Once More Unto the Cloud, Dear Friends
![anthony-malakian-waters anthony-malakian-waters](/sites/default/files/styles/landscape_750_463/public/import/IMG/216/142216/anthony-malakian-waters.jpg.webp?h=373a525f&itok=zNeqXFEa)
At Monday's Waters USA conference I had an interesting conversation with DataArt's Alexei Miller. He says that for all the talk about cloud technology, most of it is spurious. I agree.
Everything gets called “cloud” these days, and as a result this homogenized definition has been bent to mean everything from virtualization to grid to platform-as-a-service. As State Street CIO Chris Perretta put it, "Every vendor that comes into our office just says, ‘Cloud!' If they sell you a flashlight, it's a cloud flashlight."
The danger in this is that by bastardizing the definition of cloud, it will take more time to fully tap into all of cloud's glorious potential.
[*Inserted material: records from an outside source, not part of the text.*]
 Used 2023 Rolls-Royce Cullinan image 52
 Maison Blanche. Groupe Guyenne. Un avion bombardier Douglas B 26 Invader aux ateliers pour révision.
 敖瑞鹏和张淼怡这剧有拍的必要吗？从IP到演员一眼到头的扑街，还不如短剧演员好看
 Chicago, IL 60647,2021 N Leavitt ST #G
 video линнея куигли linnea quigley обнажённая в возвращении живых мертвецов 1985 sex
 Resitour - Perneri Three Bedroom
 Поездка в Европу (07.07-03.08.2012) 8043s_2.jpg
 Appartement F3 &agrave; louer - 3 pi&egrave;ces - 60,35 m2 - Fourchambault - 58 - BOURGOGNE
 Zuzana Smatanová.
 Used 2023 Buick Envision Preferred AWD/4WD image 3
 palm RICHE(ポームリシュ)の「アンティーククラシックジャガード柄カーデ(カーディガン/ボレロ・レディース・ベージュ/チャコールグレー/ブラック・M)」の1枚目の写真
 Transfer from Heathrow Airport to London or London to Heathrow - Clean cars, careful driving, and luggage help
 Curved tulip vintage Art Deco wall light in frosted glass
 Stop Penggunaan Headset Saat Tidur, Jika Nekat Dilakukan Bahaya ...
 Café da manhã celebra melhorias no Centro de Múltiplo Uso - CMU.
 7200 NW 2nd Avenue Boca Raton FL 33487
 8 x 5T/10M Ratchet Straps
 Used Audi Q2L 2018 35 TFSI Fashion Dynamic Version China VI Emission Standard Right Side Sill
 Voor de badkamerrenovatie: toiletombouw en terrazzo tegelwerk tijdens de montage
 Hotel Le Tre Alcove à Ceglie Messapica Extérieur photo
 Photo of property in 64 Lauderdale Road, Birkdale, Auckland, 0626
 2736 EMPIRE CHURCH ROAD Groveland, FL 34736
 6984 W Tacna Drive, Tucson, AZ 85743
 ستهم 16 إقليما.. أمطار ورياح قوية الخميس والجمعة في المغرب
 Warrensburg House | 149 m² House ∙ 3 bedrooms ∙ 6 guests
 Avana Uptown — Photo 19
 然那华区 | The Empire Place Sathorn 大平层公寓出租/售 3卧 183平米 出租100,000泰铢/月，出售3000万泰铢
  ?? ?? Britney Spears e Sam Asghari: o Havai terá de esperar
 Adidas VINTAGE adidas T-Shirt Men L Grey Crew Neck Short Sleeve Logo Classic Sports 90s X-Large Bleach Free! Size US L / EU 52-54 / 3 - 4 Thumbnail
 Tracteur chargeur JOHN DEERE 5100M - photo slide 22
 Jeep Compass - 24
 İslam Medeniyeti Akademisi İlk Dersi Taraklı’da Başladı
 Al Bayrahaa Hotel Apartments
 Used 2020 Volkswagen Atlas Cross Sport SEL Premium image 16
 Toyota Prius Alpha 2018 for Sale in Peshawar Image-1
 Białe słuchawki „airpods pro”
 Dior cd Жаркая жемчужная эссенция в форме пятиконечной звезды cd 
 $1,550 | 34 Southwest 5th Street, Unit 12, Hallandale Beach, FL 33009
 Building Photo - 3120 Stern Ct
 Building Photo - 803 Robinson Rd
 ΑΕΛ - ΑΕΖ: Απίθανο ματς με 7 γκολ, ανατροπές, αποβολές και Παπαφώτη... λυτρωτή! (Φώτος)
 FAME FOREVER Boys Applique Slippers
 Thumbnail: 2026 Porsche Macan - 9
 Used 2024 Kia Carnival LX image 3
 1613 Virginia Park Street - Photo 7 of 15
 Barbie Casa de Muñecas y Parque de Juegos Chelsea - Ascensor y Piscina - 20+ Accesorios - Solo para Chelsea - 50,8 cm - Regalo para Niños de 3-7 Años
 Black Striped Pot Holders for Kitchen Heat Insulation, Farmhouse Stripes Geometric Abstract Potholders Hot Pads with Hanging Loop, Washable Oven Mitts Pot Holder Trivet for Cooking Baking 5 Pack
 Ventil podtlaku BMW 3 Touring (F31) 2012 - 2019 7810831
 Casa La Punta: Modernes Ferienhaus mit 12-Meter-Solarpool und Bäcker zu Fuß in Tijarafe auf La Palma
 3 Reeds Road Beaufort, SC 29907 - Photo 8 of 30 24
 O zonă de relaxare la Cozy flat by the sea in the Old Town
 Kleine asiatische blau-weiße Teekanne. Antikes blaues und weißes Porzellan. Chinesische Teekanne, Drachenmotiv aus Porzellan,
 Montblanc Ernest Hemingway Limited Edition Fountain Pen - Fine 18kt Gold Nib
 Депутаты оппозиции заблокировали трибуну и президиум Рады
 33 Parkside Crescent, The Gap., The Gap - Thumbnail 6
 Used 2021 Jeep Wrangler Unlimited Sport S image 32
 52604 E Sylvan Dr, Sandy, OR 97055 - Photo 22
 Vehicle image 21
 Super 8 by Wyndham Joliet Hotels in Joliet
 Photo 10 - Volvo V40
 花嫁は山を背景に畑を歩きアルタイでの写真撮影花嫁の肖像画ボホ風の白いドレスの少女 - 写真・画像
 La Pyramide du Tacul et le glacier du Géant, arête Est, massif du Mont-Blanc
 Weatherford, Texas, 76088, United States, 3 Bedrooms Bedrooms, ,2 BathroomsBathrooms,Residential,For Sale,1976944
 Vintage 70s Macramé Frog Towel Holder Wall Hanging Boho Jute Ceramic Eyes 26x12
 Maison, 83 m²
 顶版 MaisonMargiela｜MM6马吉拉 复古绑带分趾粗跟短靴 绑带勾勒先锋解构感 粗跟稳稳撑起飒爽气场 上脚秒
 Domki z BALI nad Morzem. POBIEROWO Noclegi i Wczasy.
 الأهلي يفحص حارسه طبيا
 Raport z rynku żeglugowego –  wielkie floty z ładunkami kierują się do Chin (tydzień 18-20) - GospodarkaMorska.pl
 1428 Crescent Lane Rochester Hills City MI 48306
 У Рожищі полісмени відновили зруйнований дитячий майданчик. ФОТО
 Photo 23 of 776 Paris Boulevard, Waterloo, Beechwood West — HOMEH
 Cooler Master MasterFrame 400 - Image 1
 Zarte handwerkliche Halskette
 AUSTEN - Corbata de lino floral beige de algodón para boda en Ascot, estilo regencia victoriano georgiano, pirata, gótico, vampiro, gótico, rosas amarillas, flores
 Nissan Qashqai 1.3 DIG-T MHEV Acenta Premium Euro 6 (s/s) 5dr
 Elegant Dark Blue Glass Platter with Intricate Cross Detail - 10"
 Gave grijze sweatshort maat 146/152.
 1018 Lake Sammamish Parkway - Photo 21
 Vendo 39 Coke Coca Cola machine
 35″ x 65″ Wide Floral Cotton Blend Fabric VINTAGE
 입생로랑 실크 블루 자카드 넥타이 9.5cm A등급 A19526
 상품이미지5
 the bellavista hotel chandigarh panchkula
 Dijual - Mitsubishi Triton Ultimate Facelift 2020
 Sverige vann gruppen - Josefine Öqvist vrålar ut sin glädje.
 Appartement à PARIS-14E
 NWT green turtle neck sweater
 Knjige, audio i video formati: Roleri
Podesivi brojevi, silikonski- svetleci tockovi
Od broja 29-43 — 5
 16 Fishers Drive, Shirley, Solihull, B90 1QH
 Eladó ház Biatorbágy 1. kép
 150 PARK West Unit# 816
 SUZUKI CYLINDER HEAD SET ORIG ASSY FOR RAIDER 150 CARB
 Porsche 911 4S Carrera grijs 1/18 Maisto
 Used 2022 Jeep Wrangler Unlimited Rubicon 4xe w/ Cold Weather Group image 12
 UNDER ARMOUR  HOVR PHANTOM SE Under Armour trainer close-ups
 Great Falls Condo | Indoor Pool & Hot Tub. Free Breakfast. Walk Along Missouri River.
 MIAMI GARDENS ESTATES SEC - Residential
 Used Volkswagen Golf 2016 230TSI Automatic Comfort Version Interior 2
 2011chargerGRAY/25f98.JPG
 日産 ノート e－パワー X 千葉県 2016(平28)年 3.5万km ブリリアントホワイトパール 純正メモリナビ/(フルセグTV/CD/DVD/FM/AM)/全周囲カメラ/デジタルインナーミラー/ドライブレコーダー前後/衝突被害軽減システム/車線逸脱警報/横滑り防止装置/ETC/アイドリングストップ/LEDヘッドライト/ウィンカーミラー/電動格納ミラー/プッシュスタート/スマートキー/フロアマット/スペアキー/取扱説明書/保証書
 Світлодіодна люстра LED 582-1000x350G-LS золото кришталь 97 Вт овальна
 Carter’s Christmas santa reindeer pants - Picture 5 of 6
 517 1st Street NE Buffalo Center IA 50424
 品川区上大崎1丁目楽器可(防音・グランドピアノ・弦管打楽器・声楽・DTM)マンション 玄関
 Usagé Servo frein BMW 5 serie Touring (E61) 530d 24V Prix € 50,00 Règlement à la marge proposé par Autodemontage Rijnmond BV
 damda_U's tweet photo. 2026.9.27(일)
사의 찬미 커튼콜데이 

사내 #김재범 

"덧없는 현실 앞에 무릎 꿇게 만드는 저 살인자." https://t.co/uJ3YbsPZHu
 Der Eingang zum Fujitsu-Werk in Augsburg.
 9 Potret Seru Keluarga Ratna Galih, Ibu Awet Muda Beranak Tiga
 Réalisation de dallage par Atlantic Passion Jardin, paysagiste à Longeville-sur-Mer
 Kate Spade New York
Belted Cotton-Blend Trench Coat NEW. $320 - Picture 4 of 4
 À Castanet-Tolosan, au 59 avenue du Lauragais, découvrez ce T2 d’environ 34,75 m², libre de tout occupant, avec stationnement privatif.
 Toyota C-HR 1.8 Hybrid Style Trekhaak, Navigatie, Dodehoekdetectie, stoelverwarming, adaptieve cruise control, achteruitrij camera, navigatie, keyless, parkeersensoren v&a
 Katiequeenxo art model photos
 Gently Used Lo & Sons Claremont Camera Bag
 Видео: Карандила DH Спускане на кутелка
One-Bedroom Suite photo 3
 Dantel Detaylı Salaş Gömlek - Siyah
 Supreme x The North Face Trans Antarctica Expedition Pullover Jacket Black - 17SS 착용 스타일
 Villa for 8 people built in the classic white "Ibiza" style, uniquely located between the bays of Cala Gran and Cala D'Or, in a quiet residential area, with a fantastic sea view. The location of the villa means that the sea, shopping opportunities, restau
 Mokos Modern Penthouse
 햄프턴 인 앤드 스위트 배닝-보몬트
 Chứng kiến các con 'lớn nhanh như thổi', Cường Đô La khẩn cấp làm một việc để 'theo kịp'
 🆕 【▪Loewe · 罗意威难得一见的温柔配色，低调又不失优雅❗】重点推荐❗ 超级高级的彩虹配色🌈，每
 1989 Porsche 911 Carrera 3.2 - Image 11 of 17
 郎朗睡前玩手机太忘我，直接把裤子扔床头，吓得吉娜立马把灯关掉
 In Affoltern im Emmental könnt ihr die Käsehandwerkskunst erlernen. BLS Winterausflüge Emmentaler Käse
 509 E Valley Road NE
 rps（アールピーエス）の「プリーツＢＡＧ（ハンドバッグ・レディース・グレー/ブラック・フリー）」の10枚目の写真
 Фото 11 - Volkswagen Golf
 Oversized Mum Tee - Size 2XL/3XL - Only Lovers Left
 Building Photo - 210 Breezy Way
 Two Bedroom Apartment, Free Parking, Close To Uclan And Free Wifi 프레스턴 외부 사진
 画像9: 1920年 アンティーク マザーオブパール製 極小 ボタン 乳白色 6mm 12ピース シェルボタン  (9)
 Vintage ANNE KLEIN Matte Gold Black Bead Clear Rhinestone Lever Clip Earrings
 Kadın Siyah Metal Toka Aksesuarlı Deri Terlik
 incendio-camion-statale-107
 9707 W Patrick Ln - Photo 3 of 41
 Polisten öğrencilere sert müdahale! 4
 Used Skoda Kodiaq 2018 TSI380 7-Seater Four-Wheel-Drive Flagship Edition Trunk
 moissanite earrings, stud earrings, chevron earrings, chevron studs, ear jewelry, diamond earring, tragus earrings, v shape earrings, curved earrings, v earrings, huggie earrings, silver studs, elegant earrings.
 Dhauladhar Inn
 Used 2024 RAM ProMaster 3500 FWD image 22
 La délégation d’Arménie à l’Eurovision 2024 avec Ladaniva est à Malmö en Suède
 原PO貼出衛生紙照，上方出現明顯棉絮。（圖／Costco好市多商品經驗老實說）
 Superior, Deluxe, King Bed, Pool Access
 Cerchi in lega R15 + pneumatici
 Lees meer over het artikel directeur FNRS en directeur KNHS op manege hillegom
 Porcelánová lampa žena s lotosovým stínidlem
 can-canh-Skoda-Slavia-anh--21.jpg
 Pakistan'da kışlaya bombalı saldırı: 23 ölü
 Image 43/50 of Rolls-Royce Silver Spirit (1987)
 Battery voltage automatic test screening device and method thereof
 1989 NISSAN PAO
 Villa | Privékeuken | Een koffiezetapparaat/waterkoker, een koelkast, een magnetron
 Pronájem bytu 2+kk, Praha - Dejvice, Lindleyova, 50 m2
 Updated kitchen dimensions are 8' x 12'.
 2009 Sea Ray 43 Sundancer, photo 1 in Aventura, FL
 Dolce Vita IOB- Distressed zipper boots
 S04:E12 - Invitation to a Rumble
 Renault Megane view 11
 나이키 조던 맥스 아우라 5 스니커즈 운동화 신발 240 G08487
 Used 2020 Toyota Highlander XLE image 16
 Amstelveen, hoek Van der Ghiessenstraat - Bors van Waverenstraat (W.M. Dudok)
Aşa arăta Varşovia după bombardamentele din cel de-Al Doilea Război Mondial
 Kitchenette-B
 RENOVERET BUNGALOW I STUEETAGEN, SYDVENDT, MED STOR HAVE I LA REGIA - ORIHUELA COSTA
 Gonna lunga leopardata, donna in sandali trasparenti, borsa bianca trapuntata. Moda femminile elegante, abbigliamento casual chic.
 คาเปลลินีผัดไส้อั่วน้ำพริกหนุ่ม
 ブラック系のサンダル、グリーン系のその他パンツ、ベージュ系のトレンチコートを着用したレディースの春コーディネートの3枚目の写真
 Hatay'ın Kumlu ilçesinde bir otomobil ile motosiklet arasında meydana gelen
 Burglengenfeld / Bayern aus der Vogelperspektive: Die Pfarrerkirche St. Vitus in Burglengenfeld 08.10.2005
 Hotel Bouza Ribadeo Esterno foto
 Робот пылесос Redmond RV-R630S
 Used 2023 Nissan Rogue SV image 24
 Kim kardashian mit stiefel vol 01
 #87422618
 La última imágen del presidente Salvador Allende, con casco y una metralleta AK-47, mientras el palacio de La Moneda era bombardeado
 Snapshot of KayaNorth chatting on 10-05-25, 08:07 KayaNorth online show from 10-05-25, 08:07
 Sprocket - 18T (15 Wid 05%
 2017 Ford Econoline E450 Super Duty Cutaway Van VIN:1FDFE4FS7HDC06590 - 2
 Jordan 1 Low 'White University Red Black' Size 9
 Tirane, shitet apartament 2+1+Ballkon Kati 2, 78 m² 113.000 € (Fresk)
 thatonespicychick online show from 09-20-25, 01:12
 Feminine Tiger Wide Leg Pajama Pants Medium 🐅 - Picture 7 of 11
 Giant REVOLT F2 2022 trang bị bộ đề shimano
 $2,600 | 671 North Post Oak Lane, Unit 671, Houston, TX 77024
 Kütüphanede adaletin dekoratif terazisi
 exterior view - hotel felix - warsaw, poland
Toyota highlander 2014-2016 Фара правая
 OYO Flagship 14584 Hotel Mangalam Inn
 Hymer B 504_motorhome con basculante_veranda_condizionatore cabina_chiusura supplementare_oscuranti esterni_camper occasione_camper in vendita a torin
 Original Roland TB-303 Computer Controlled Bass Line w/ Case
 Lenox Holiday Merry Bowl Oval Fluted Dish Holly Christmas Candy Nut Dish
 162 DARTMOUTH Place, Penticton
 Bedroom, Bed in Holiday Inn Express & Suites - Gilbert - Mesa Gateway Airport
As JPMorgan Chase CTO Peter Ahrens put it, "Cloud is an over-hyped term—I know that it drives everybody in this room crazy to hear it—but it's a shame actually because the marketing always comes in advance of the capabilities."
What surprised me most at Monday's conference was how much talk of cloud there was. In addition to two panels solely devoted to cloud technologies, Perretta's keynote address was all about cloud, and cloud was continuously brought up during the CTO roundtable discussion.
So here's a news flash based off that information: Cloud is fully a reality on Wall Street. Shocking stuff, I know.
The years ahead will now be devoted not to whether cloud is appropriate for investment firms but rather what new areas cloud will seep into.
But one thing I would like to see is more clarity around what is and isn't cloud. It's far more difficult to advance something if you don't even have a proper definition.